Bhubaneswar, Dec. 25: The loss-making public sector unit — the Odisha State Road Transport Corporation Limited — will hand over its last fleet of 34 buses to private operators through an auction tomorrow.

With the completion of the last phase of handover, the OSRTC will no longer own any bus. Even though the ownership of the buses remains with the OSRTC, it is the private operators who virtually own the buses.

Out of the OSRTC fleet of nearly 379 buses, 286 are operational at present. Of these, OSRTC has already given 252 buses on lease to private operators.

According to the conditions of the privatisation model, the corporation will own the buses, but the private operators will manage the vehicles.

“We have invited parties to take the buses on lease. They will appoint the conductors and drivers and collect the fare. They will give us at least the fare of 40 passengers on a route every day,” said OSRTC deputy general manager A.P. Behera.

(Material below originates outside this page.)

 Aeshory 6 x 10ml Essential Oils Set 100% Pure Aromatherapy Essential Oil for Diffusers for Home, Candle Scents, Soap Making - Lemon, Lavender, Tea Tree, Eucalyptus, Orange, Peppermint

The OSRTC, however, will have the responsibility of maintenance of all the buses.

“It has become difficult to operate the buses. At each stop, we had to pay protection money to the local goons for picking up passengers. But as government operators, we cannot do these things. However, private operators have their own ways of doing such things. So, it affected our business. We were incurring losses on almost all the routes. We introduced this scheme of leasing out vehicles to private operators to overcome the losses,” said Behera.

Out of 160 routes, the OSRTC has already given permission to the private operators to operate on 126 routes.

Official sources said though the lease scheme was launched on a low-key in 2004-05, it did not have many takers until two years ago. After the OSRTC simplified its procedure and assured the private parties that it would provide them all support, there is now a rush of private operators for lease.

On the other hand, sources said the OSRTC staff had failed to make it a profit-making organisation, so its management was compelled to hand over the buses to the private operators.

“Had we not handed over the buses, the OSRTC would have been shut down and the existing 1,500 employees would have problems getting their salary,” a senior official said.

The OSRTC, which came into existence in 1974, had turned into a loss-making unit in the 1990’s. It was even unable to regularly pay salary to its employees till 2008.

“After we handed over some buses to private operators on lease basis, the organisation has started earning profits. Our net surplus now stands at Rs 2.42 crore,” said an OSRTC official.